Short Ribs Provencale (make 6 servings)
The Carefree Cook
by Rick Rodgers

2 tablespoons extra-virgin olive oil

6 pounds individual short ribs
3/4 teaspoon salt, plus more to taste
1/2 teaspoon freshly ground black pepper, plus more to taste
1 large onion, finely chopped
1 medium carrot, finely chopped
1 celery rib, finely chopped
12 garlic cloves, peeled
1 tablespoon herbes de Provence
2 tablespoons all-purpose flour
2 cups hearty red wine, such as Zinfandel or Shiraz
1 3/4 cups beef stock, preferably homemade, or reduced-sodium chicken broth
One 14 1/2-ounce can diced tomatoes in juice, drained
1 bay leaf
8 ounces baby-cut carrots
1/2 cup Mediterranean black olives, such as Niçoise, pitted
3 tablespoons chopped fresh parsley for garnish (I had forgotten this)

1. Position a rack in the center of the oven and preheat to 300°F.

2. Heat the oil in a large (at least 6-quart) Dutch oven or flameproof casserole over medium-high heat.

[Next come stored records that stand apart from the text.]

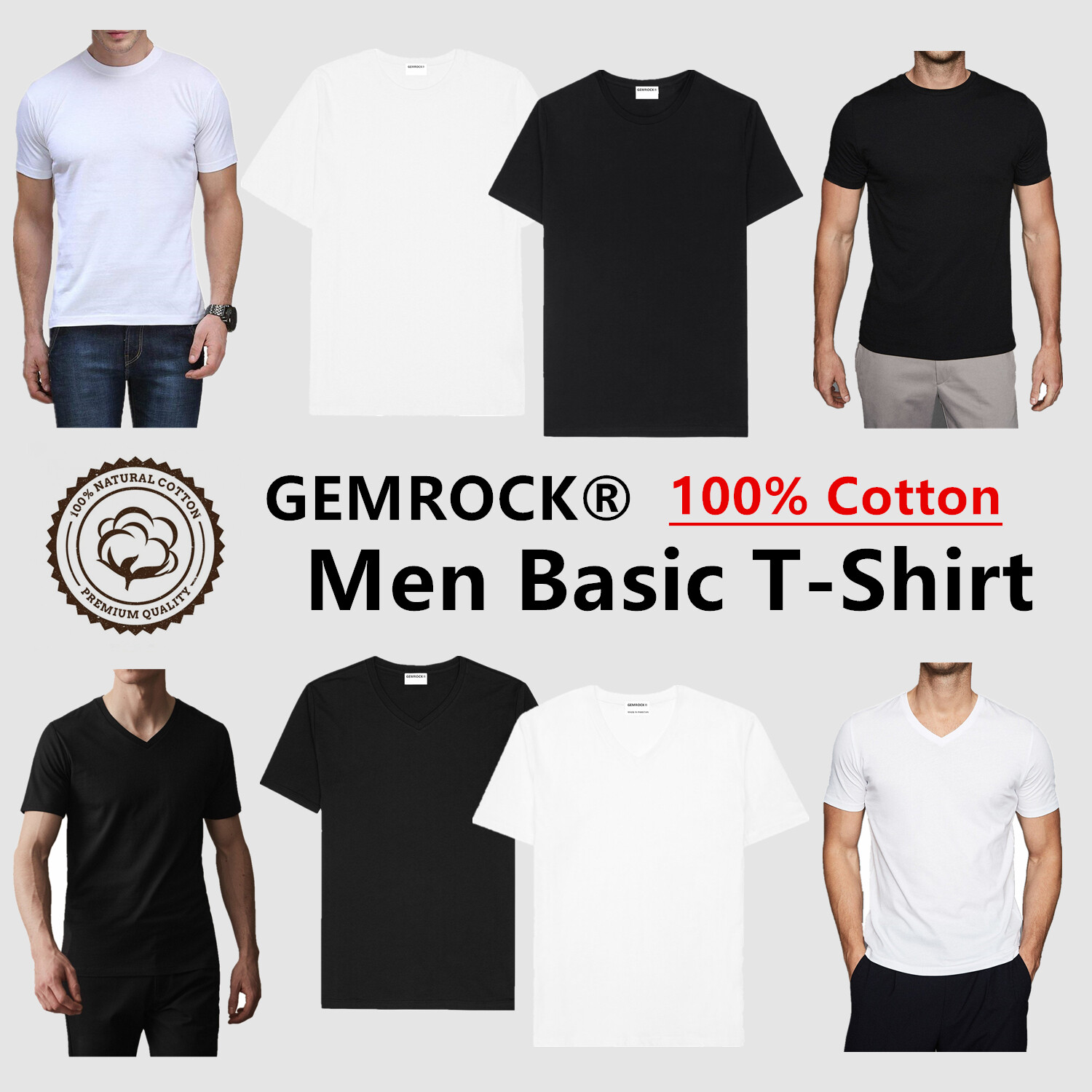 Black White Men 100% Thick Cotton Casual T-Shirt Short Sleeve Tee Crew V Neck gallery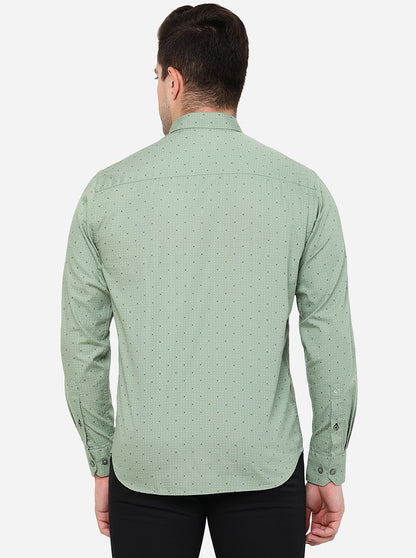 Green Printed Smart Fit Casual Shirt | Greenfibre
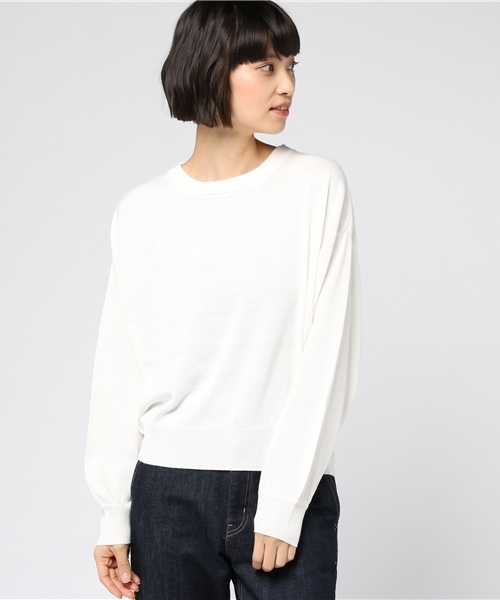 earth music&ecology（アースミュージックアンドエコロジー）の「・クルーネックゆるニットプルオーバー（ニット/セーター・レディース・ライトグレー/ブラック/ダークグリーン/ネイビー/アイボリー/ボルドー・FREE）」の2枚目の写真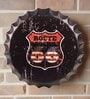 Multicolor Metal Route66 Red Wall Decor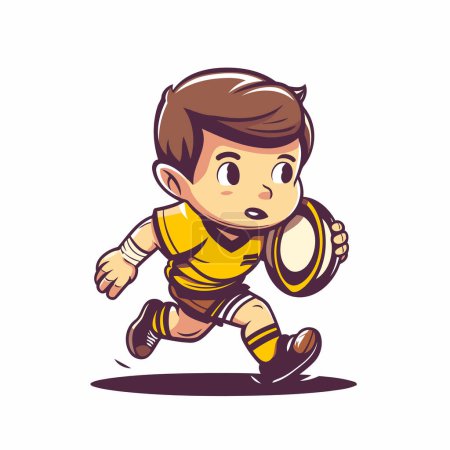 Illustration for Cute little boy running with rugby ball cartoon vector illustration graphic design - Royalty Free Image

Season the short ribs with the salt and pepper. In batches, without crowding, add the short ribs to the pot and cook, turning occasionally, until browned on all sides, about 8 minutes. Using tongs, transfer the ribs to a platter.

3. Pour off all but 2 tablespoons of the fat from the pot. Add the onion, chopped carrot, and celery to the pot and reduce the heat to medium-low. Cover and cook, stirring often, until the vegetables are softened, about 5 minutes. Add the garlic, herbes de Provence, and flour and stir until the garlic gives off its aroma, about 1 minute. Stir in the wine and bring to a boil over high heat, stirring up the browned bits on the bottom of the pan with a wooden spoon. Add the broth, tomatoes, and bay leaf. Return the short ribs, and any juices, to the pot. Add cold water as needed to barely reach the top of the ribs and bring to a boil over high heat.

4. Cover tightly, transfer to the oven, and bake, stirring occasionally to change the position of the ribs, until the meat is falling-off-the-bone tender, about 2 1/2 hours. During the last 15 minutes, add the baby carrots.

5. Transfer the short ribs to a deep serving platter and cover with aluminum foil to keep warm. Skim off the fat from the surface of the cooking liquid, and discard the bay leaf. Bring to a boil over high heat and cook until the liquid is reduced to a sauce consistency, about 10 minutes (the exact time depends on the size of the pot). Add the olives and cook to heat them through, about 3 minutes. Season the sauce with salt and pepper.

6. Spoon the sauce with the carrots over the ribs, sprinkle with the parsley, which I forgot to buy, and serve hot.